Paramount's new Blu-ray special edition of Road to Perdition includes an overt salute to Oscar-winning cinematographer Conrad Hall, but as the film's director points out in "Sam Mendes Feature Introduction" (1:18, HD), it's the hi-def image that likely would get Hall's attention in its fine rendering of the photography in a film-like image with more sharpness and detail than previous home-video issues could muster. The delicately rendered color gets special attention to retain the muted hues Hall intended, and contrast and black level add to the black-and-white-evocative effect. The element has a few specks on it, and there's some telecine wobble that's noticeable on static shots, but on the whole, it's an excellent transfer.
The disc has lots of new bonus material, but retains the original (and impeccable) commentary by director Sam Mendes, in which the director discusses all of the key subjects (the adaptation of the source material, casting, locations, etc.), but also goes into considerable depth as to his cinematographic choices—in concert with Hall—and thematic expression.
The new featurette “A Cinematic Life: The Art & Influence of Conrad Hall” (26:39, HD) gathers a staggering group of today's most celebrated cinematographers to discuss the late, great Hall. The talking heads include Hall himself (2001 archival interview), director of photography Haskell Wexler, director of photography Conrad W. Hall, director of photography Janusz Kaminski, director of photography Vilmos Zsigmond, director of photography Roger Deakins, director Sam Mendes, director Glenn Gordon Caron, director of photography Owen Roizman, director of photography Philippe Rousselot, and screenwriter William Goldman,
The Library: A Further Exploration of the World of Road to Perdition (HD) is an interactive guide, in text and video, to “the creative process, real world setting, and historical inspiration for the original graphic novel and feature adaptation”; photos and icons branch out to “further research and insights on topics surrounding Road to Perdition.” High-level categories are Crime Scene Portraits, Real World Organized Crime, News Stories of the Day, and Inspiration & Adaptation. This feature includes interviews with Mendes, graphic novel illustrator Richard Piers Rayner, and graphic novel writer Max Allan Collins,
Eleven “Deleted Scenes” (22:16 with “Play All” option, SD) come with optional commentary by Mendes.

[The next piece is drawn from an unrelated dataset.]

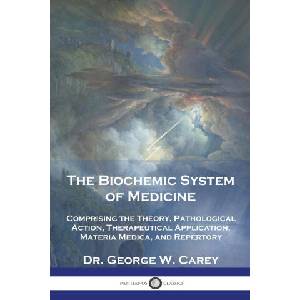 The Biochemic System of Medicine | Dr. George W. Carey (ISBN: 9781789876420)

“The Making of Road to Perdition” (25:04, SD) is a typical "First Look" behind-the-scenes featurette, but the talent involved makes it more than typically worthwhile. Interviewed are Mendes, Tom Hanks, producer Dean Zanuck, producer Richard Zanuck, Paul Newman, Tyler Hoechlin, Jennifer Jason Leigh, Jude Law, Daniel Craig, production designer Dennis Gassner, costume designer Albert Wolsky, executive producer Joan Bradshaw, Stanley Tucci, Hall, and special effects coordinator Allen L. Hall,
Last up is the film's “Theatrical Trailer” (2:52, HD).